Structured Logging with Zap
While Go’s standard library includes a basic logging package, structured logging libraries like Zap provide superior performance and flexibility.
Setting Up Zap Logger
First, install Zap:
go get -u go.uber.org/zap
Next, create a logger configuration:
package logger
import (
"go.uber.org/zap"
"go.uber.org/zap/zapcore"
)
var log *zap.Logger
// Initialize sets up the global logger
func Initialize(environment string) {
var config zap.Config
if environment == "production" {
config = zap.NewProductionConfig()
config.EncoderConfig.EncodeTime = zapcore.ISO8601TimeEncoder
} else {
config = zap.NewDevelopmentConfig()
config.EncoderConfig.EncodeLevel = zapcore.CapitalColorLevelEncoder
}
var err error
log, err = config.Build()
if err != nil {
panic(err)
}
}
// Get returns the global logger
func Get() *zap.Logger {
return log
}
// Sync flushes any buffered log entries
func Sync() error {
return log.Sync()
}
Using the Logger
Now you can use the logger throughout your application:
package main
import (
"yourpackage/logger"
"go.uber.org/zap"
)
func main() {
// Initialize the logger
logger.Initialize("development")
defer logger.Sync()
log := logger.Get()
// Structured logging with context
log.Info("Server starting",
zap.String("env", "development"),
zap.Int("port", 8080),
zap.String("version", "1.0.0"),
)
// Log with error context
err := startServer()
if err != nil {
log.Error("Failed to start server",
zap.Error(err),
zap.String("server_type", "http"),
)
}
}
Logging Best Practices
- Use Structured Logging: Always include relevant fields for better search and analysis
- Appropriate Log Levels: Use Debug for development information, Info for operational events, Warn for concerning situations, Error for failures, and Fatal for critical errors that require immediate attention
- Include Context: Add request IDs, user IDs, and other relevant context to connect related log entries
- Avoid Sensitive Data: Never log passwords, authentication tokens, or personal information
- Log Sparingly: Excessive logging impacts performance and creates noise
Metrics with Prometheus
Prometheus is a powerful monitoring system and time series database that integrates well with Go applications.
Setting Up Prometheus
Install the Prometheus client:
go get github.com/prometheus/client_golang/prometheus
go get github.com/prometheus/client_golang/prometheus/promauto
go get github.com/prometheus/client_golang/prometheus/promhttp
Create a metrics package:
package metrics
import (
"github.com/prometheus/client_golang/prometheus"

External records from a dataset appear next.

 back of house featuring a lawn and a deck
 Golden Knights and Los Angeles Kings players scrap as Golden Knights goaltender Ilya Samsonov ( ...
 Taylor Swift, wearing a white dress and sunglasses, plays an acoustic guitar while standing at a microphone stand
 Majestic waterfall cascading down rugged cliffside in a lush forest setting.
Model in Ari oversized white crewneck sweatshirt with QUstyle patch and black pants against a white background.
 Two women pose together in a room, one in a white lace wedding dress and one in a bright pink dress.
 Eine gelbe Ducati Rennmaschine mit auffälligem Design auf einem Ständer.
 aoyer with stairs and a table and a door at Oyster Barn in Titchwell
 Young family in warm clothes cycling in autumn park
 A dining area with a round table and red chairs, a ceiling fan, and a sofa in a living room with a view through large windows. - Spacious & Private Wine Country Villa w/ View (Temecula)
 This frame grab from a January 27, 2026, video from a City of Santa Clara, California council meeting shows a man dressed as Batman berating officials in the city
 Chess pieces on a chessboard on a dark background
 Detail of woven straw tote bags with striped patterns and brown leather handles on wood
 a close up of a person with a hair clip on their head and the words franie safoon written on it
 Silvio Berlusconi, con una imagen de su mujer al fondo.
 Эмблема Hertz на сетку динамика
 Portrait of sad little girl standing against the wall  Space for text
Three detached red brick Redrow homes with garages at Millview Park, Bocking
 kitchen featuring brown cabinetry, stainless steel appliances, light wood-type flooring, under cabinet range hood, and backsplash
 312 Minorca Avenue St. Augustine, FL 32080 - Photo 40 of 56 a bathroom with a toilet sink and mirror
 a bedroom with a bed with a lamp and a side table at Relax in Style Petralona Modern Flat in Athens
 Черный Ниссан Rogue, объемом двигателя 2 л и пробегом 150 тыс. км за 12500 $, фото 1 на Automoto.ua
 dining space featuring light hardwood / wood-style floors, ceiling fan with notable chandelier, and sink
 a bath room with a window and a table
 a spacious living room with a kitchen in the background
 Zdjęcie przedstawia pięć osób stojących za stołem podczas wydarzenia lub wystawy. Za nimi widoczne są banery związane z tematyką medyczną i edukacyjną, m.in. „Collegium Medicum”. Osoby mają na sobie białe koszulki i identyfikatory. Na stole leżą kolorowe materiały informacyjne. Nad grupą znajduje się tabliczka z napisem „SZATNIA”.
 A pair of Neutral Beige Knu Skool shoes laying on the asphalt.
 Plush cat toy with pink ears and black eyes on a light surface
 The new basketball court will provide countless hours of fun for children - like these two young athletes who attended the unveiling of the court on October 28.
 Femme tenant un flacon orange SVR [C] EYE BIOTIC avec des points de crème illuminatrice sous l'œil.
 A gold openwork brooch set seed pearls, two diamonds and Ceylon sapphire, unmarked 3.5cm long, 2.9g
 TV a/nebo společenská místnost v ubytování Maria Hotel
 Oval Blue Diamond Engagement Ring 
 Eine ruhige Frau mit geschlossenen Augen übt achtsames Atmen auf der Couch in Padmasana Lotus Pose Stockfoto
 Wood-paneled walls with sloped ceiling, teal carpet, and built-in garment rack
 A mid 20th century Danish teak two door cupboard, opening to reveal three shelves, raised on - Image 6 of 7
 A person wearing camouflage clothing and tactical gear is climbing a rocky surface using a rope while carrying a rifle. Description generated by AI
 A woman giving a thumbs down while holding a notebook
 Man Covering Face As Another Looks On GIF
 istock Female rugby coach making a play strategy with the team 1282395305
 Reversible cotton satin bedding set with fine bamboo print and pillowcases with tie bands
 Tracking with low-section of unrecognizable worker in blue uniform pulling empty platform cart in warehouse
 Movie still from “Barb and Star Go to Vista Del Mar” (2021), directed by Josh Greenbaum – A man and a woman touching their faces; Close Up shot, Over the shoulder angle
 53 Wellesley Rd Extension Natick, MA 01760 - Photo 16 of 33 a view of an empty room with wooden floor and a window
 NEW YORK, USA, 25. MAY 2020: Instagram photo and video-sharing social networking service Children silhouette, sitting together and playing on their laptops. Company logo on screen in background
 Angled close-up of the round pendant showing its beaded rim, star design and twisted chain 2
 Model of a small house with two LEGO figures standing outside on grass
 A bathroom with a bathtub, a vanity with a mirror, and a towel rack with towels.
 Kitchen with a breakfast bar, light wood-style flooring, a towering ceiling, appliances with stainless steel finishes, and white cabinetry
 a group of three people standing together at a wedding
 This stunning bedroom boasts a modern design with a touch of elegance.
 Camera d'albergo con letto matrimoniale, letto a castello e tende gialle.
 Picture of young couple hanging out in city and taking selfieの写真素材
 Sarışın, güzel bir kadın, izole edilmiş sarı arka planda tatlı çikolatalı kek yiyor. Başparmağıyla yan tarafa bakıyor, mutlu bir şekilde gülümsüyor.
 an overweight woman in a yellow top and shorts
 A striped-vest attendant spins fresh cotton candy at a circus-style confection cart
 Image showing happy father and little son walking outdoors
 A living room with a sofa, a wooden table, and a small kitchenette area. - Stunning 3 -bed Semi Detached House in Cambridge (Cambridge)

"github.com/prometheus/client_golang/prometheus/promauto"
)
var (
// RequestCounter tracks HTTP requests
RequestCounter = promauto.NewCounterVec(
prometheus.CounterOpts{
Name: "http_requests_total",
Help: "Total number of HTTP requests",
},
[]string{"method", "path", "status"},
)
// RequestDuration tracks latency
RequestDuration = promauto.NewHistogramVec(
prometheus.HistogramOpts{
Name: "http_request_duration_seconds",
Help: "HTTP request duration in seconds",
Buckets: prometheus.DefBuckets,
},
[]string{"method", "path", "status"},
)
// ActiveRequests tracks concurrent requests
ActiveRequests = promauto.NewGauge(
prometheus.GaugeOpts{
Name: "http_requests_active",
Help: "Number of active HTTP requests",
},
)
// DatabaseOperations tracks database operation counts
DatabaseOperations = promauto.NewCounterVec(
prometheus.CounterOpts{
Name: "database_operations_total",
Help: "Total number of database operations",
},
[]string{"operation", "table", "status"},
)
// DatabaseDuration tracks database operation latency
DatabaseDuration = promauto.NewHistogramVec(
prometheus.HistogramOpts{
Name: "database_operation_duration_seconds",
Help: "Database operation duration in seconds",
Buckets: prometheus.DefBuckets,
},
[]string{"operation", "table"},
)
)
Exposing Metrics Endpoint
In your HTTP server setup, add the Prometheus metrics endpoint:
package main
import (
"net/http"
"time"
"github.com/prometheus/client_golang/prometheus/promhttp"
"yourpackage/logger"
"yourpackage/metrics"
)
func main() {
logger.Initialize("development")
defer logger.Sync()
log := logger.Get()
// Expose metrics endpoint
http.Handle("/metrics", promhttp.Handler())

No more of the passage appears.